Exercise requirements: When you reach the line with "Veľká kotlina na" in the records below, begin transcribing exactly and continue up to and including the line with "2006 Subaru Tribeca", leaving out every picture.
╭─ Data supplied
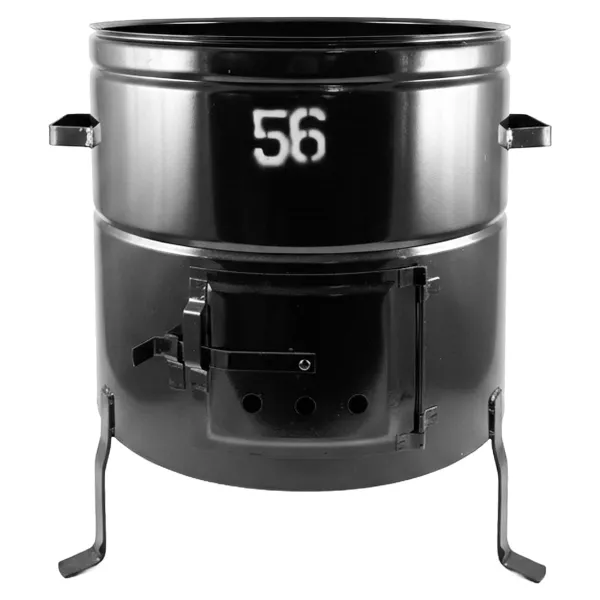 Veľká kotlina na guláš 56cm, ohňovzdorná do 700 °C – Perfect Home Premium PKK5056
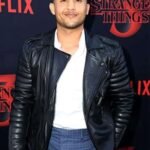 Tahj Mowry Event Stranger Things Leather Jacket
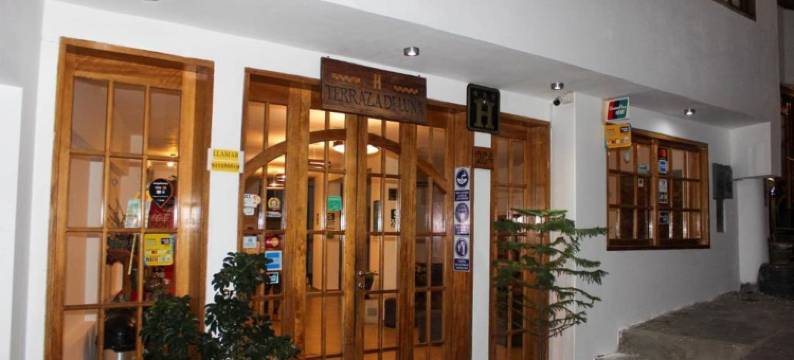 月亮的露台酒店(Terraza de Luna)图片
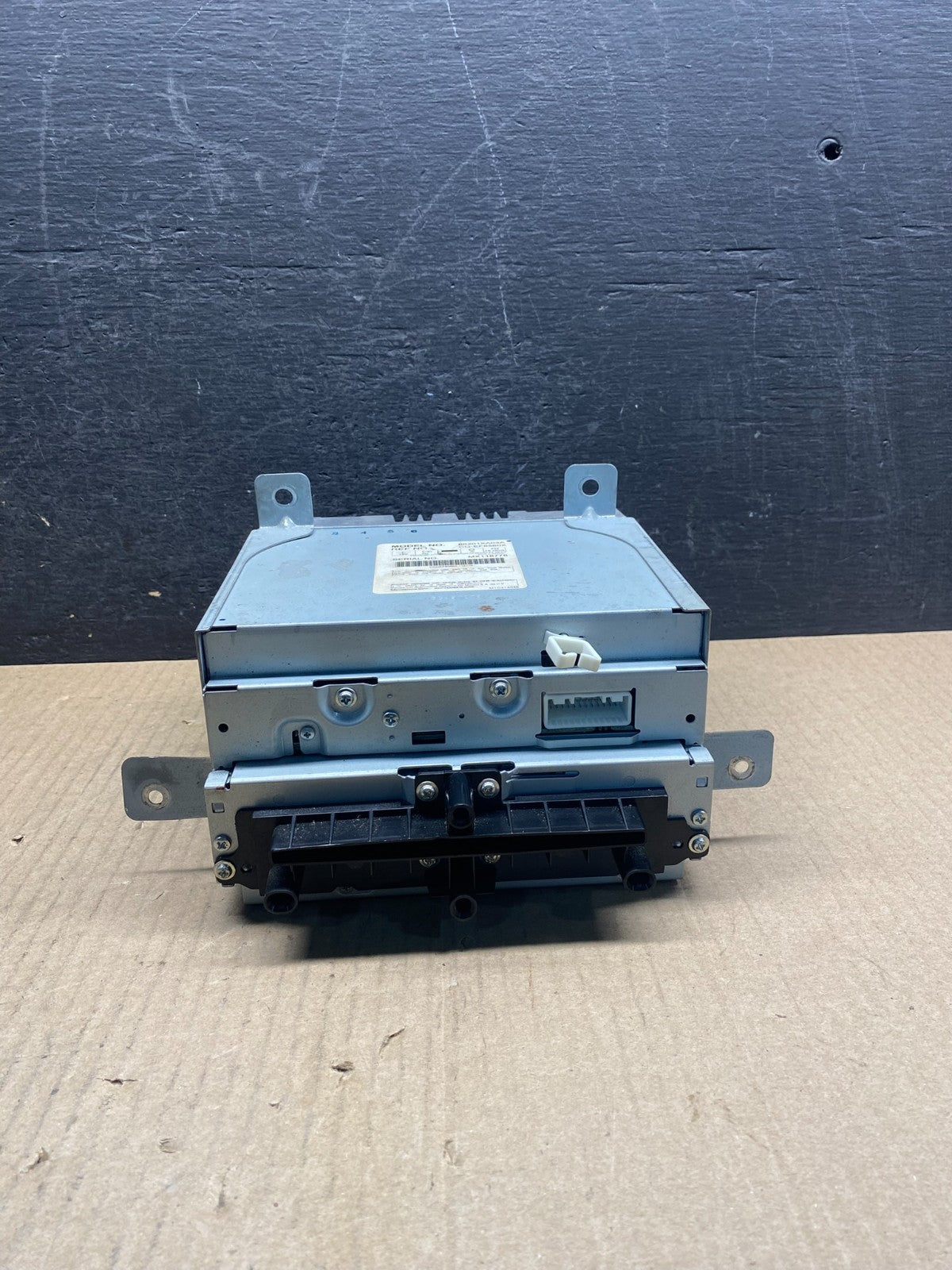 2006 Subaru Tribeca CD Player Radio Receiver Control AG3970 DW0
╰─
╭─ Data supplied
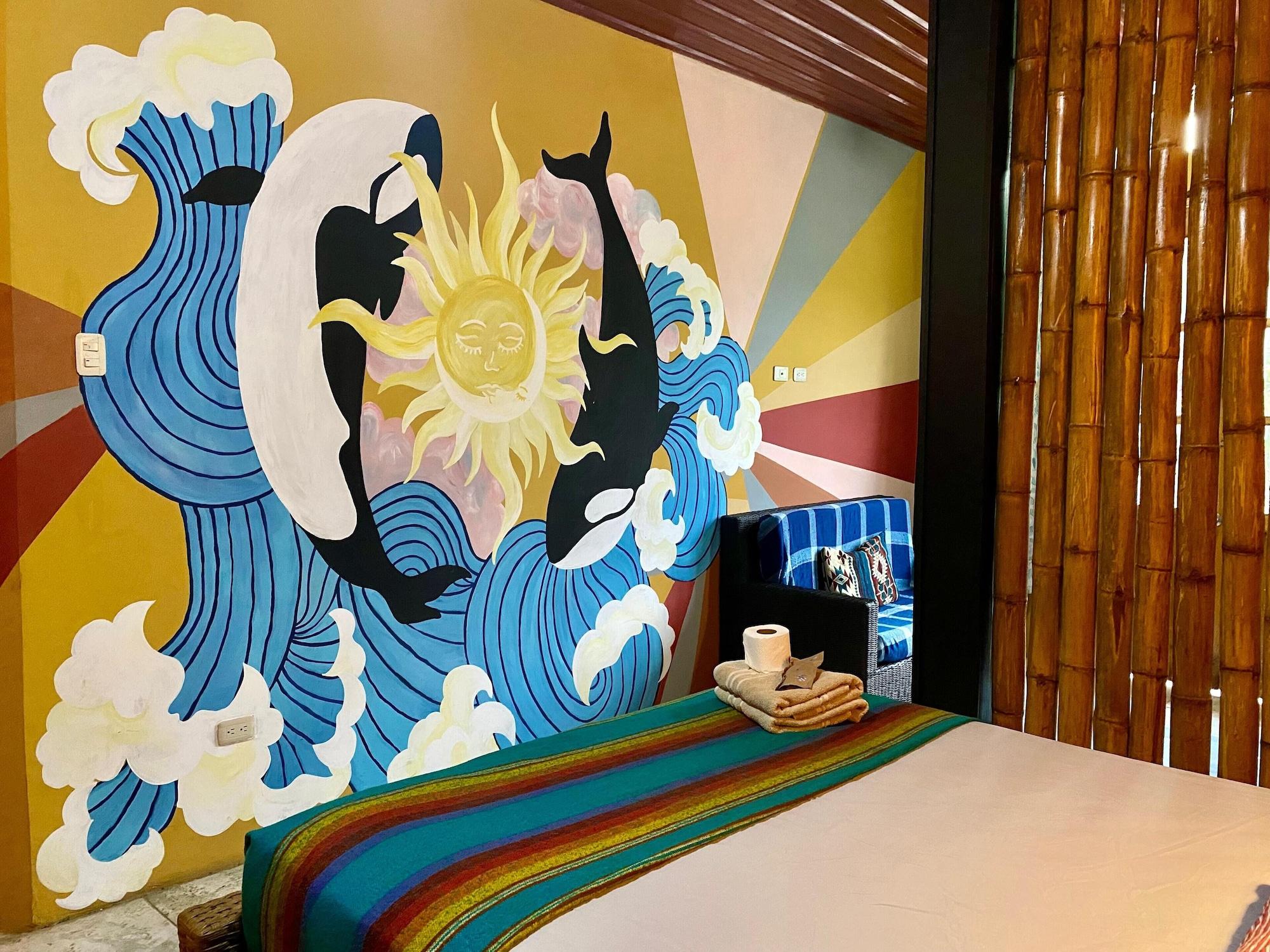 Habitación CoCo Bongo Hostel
╰─
Completed exercise:
 Veľká kotlina na guláš 56cm, ohňovzdorná do 700 °C – Perfect Home Premium PKK5056
 Tahj Mowry Event Stranger Things Leather Jacket
 月亮的露台酒店(Terraza de Luna)图片
 2006 Subaru Tribeca CD Player Radio Receiver Control AG3970 DW0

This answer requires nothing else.